Let’s get this straight. Big banks that emphasize return to shareholders above all else have been shown to be menaces to society. Yet one of the main responses to the problems banks got into has been to … reaffirm the primacy of shareholders.
Such is the power of the ideology known as shareholder value. This notion that shareholder interests should reign supreme did not always so deeply infuse American business. It became widely accepted only in the 1990s, and since 2000 it has come under increasing fire from business and legal scholars, and from a few others who ought to know (former General Electric CEO Jack Welch declared in 2009, “Shareholder value is the dumbest idea in the world”).
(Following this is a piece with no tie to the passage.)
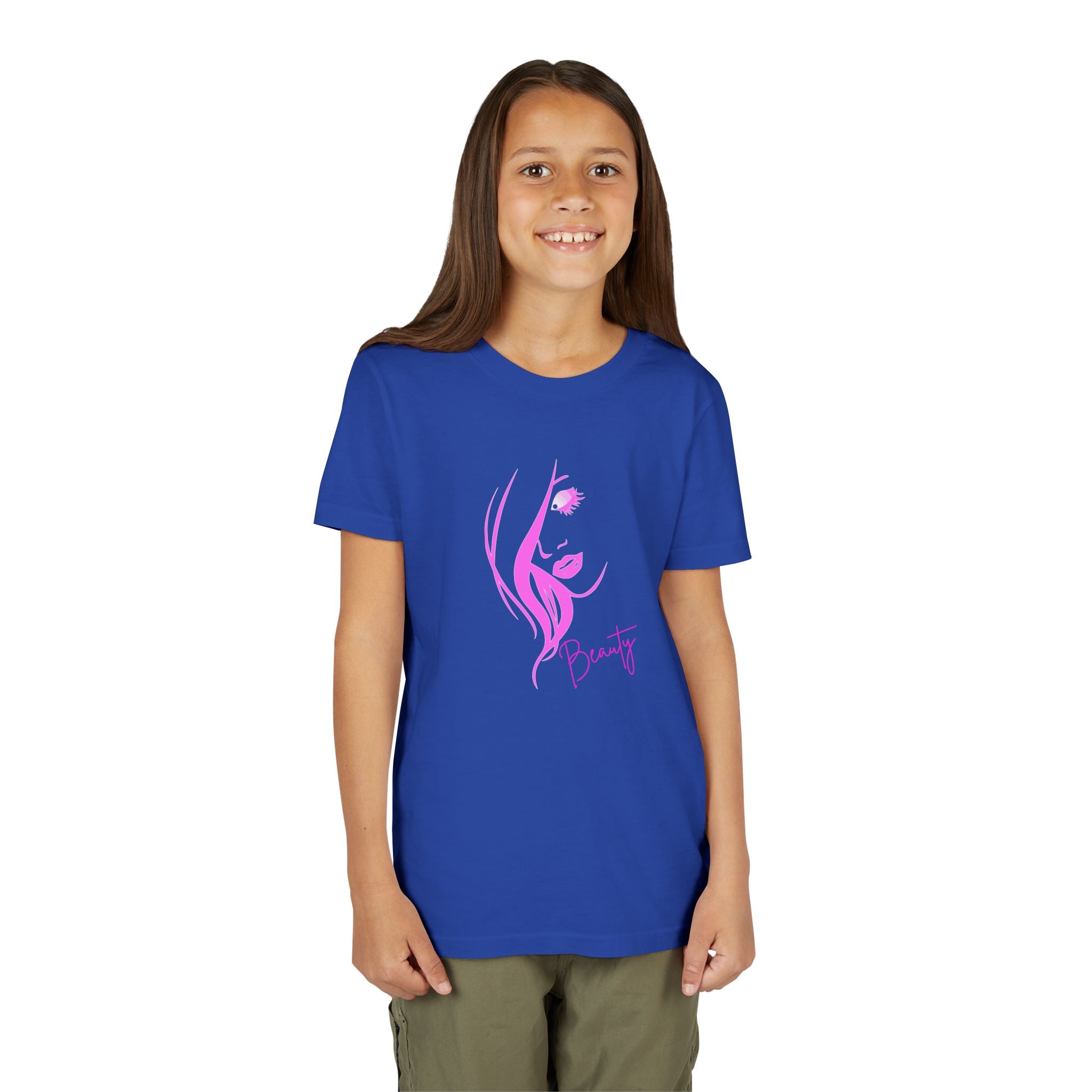 Youth Girls T-Shirt – Pink Beauty Face Graphic Tee, Cute Aesthetic Shirt, Gift for Girls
But in practice—in the rhetoric of most executives, in how they are paid and evaluated, in the governance reforms that get proposed and occasionally enacted, and in almost every media depiction of corporate conflict—we seem utterly stuck on the idea that serving shareholders better will make companies work better. It’s so simple and intuitive. Simple, intuitive, and most probably wrong—not just for banks but for all corporations.
As Cornell University Law School’s Lynn Stout explains in her 2012 book, The Shareholder Value Myth, maximizing returns to shareholders is not something U.S. corporations are legally required to do. Yes, Congress and regulators have begun pushing the rules in that direction, and a few court rulings have favored shareholder primacy. But on the whole, Stout writes, the law spells out that boards of directors are beholden not to shareholders but to the corporation, meaning that they’re allowed to balance the interests of shareholders against those of stakeholders such as employees, customers, suppliers, debt holders, and society at large.
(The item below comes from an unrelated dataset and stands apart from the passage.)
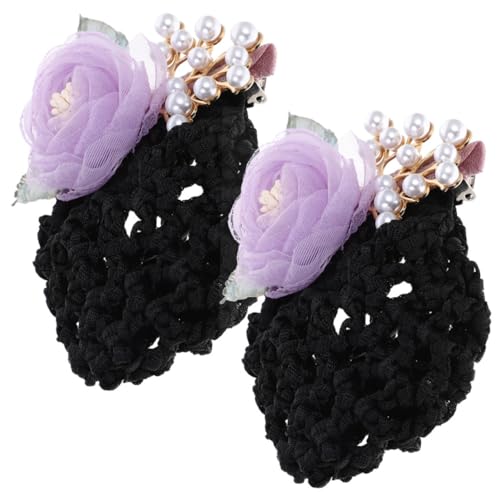 FIXOSHEE 2 Stück Blumen haarnetz clip Minimalistisches Haarschmuck accessoire für Damen Netzförmiger Haarhalter mit Blütenverzierung Zuverlässiger Sitz für Stilvolles Styling im Alltag und von FIXOSHEE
Proponents of shareholder value argue that, whatever the law says, corporations would be more successful—and do more good—if executives and boards spent less time balancing their various obligations and focused instead on making money for shareholders. This idea began percolating at the University of Chicago and on a few other campuses in the 1960s and ’70s, and it made some sense at that historical moment. American corporations were struggling in the face of global competition and technological change, yet most were complacent. If only executives were forced to pay more attention to their companies’ plummeting stock prices—by the threat of a hostile takeover, perhaps, or by a strong link between their pay and those prices—they might take the risks and make the changes that the times demanded. Or so the thinking went.
These arguments began to reshape corporate practice in the 1980s. By the mid-’90s, they had congealed into the simple doctrine that the job of a chief executive is to keep shareholders happy. Executive-pay packages were stuffed with stock options, and a newly restive breed of professional investors began goading boards into pushing out managers whenever a company’s stock price languished. Underlying both practices was the belief that stock prices were the best measure of corporate performance—which made it pretty easy to judge whether a CEO was doing a good job or not. For a few wonderful years, all of this seemed to work. Corporate America, after lagging behind Japanese and German competitors, made a spectacular comeback, and the U.S. economy boomed with it.